■ DIRECTIONS FOR THIS TASK:
The complete listing that follows is to be set down again, exactly as it appears.

START DATA SECTION

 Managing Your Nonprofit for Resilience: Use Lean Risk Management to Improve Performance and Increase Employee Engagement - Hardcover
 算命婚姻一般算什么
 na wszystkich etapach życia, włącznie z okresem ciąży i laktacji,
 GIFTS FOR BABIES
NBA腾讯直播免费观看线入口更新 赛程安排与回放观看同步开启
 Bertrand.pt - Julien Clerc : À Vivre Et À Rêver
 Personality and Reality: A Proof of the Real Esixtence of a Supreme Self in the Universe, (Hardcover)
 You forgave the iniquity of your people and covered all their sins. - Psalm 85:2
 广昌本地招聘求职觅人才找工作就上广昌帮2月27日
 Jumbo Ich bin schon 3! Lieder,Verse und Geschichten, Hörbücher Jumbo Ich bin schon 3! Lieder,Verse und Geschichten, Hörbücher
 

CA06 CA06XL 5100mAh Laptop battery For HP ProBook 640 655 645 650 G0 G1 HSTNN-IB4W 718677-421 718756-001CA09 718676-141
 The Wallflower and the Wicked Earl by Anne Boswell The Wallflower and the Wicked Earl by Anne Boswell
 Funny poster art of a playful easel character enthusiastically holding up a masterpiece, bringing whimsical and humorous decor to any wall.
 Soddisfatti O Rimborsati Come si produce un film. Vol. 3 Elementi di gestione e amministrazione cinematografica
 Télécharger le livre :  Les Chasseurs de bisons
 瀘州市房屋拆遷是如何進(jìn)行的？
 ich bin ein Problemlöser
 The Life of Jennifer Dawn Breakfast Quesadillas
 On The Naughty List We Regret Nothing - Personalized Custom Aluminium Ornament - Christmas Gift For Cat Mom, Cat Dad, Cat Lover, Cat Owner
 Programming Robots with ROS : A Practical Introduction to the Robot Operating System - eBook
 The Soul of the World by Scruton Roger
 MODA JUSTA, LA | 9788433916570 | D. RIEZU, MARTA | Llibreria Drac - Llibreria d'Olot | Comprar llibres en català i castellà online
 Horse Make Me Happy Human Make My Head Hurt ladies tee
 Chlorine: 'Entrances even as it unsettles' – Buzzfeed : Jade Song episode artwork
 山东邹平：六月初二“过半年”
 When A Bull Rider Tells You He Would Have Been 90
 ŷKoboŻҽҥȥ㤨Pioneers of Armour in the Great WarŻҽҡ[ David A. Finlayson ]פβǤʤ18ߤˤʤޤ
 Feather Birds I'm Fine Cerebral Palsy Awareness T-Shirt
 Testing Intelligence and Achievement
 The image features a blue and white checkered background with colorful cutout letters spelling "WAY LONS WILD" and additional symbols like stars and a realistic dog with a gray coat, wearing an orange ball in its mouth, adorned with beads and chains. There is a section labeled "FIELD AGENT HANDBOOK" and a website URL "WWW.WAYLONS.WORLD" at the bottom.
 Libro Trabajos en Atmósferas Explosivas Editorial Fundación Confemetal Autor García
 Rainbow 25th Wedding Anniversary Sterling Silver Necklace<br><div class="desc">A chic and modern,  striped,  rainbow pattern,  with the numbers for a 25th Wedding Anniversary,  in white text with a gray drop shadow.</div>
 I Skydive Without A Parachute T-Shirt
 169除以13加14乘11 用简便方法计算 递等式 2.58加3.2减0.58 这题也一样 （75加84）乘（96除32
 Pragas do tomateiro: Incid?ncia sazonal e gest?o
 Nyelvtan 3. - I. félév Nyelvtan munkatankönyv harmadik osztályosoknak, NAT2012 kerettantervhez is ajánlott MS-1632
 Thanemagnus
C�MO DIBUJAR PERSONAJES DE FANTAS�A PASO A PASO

END DATA SECTION

■ WRITTEN ANSWER:
 Managing Your Nonprofit for Resilience: Use Lean Risk Management to Improve Performance and Increase Employee Engagement - Hardcover
 算命婚姻一般算什么
 na wszystkich etapach życia, włącznie z okresem ciąży i laktacji,
 GIFTS FOR BABIES
NBA腾讯直播免费观看线入口更新 赛程安排与回放观看同步开启
 Bertrand.pt - Julien Clerc : À Vivre Et À Rêver
 Personality and Reality: A Proof of the Real Esixtence of a Supreme Self in the Universe, (Hardcover)
 You forgave the iniquity of your people and covered all their sins. - Psalm 85:2
 广昌本地招聘求职觅人才找工作就上广昌帮2月27日
 Jumbo Ich bin schon 3! Lieder,Verse und Geschichten, Hörbücher Jumbo Ich bin schon 3! Lieder,Verse und Geschichten, Hörbücher
 

CA06 CA06XL 5100mAh Laptop battery For HP ProBook 640 655 645 650 G0 G1 HSTNN-IB4W 718677-421 718756-001CA09 718676-141
 The Wallflower and the Wicked Earl by Anne Boswell The Wallflower and the Wicked Earl by Anne Boswell
 Funny poster art of a playful easel character enthusiastically holding up a masterpiece, bringing whimsical and humorous decor to any wall.
 Soddisfatti O Rimborsati Come si produce un film. Vol. 3 Elementi di gestione e amministrazione cinematografica
 Télécharger le livre :  Les Chasseurs de bisons
 瀘州市房屋拆遷是如何進(jìn)行的？
 ich bin ein Problemlöser
 The Life of Jennifer Dawn Breakfast Quesadillas
 On The Naughty List We Regret Nothing - Personalized Custom Aluminium Ornament - Christmas Gift For Cat Mom, Cat Dad, Cat Lover, Cat Owner
 Programming Robots with ROS : A Practical Introduction to the Robot Operating System - eBook
 The Soul of the World by Scruton Roger
 MODA JUSTA, LA | 9788433916570 | D. RIEZU, MARTA | Llibreria Drac - Llibreria d'Olot | Comprar llibres en català i castellà online
 Horse Make Me Happy Human Make My Head Hurt ladies tee
 Chlorine: 'Entrances even as it unsettles' – Buzzfeed : Jade Song episode artwork
 山东邹平：六月初二“过半年”
 When A Bull Rider Tells You He Would Have Been 90
 ŷKoboŻҽҥȥ㤨Pioneers of Armour in the Great WarŻҽҡ[ David A. Finlayson ]פβǤʤ18ߤˤʤޤ
 Feather Birds I'm Fine Cerebral Palsy Awareness T-Shirt
 Testing Intelligence and Achievement
 The image features a blue and white checkered background with colorful cutout letters spelling "WAY LONS WILD" and additional symbols like stars and a realistic dog with a gray coat, wearing an orange ball in its mouth, adorned with beads and chains. There is a section labeled "FIELD AGENT HANDBOOK" and a website URL "WWW.WAYLONS.WORLD" at the bottom.
 Libro Trabajos en Atmósferas Explosivas Editorial Fundación Confemetal Autor García
 Rainbow 25th Wedding Anniversary Sterling Silver Necklace<br><div class="desc">A chic and modern,  striped,  rainbow pattern,  with the numbers for a 25th Wedding Anniversary,  in white text with a gray drop shadow.</div>
 I Skydive Without A Parachute T-Shirt
 169除以13加14乘11 用简便方法计算 递等式 2.58加3.2减0.58 这题也一样 （75加84）乘（96除32
 Pragas do tomateiro: Incid?ncia sazonal e gest?o
 Nyelvtan 3. - I. félév Nyelvtan munkatankönyv harmadik osztályosoknak, NAT2012 kerettantervhez is ajánlott MS-1632
 Thanemagnus
C�MO DIBUJAR PERSONAJES DE FANTAS�A PASO A PASO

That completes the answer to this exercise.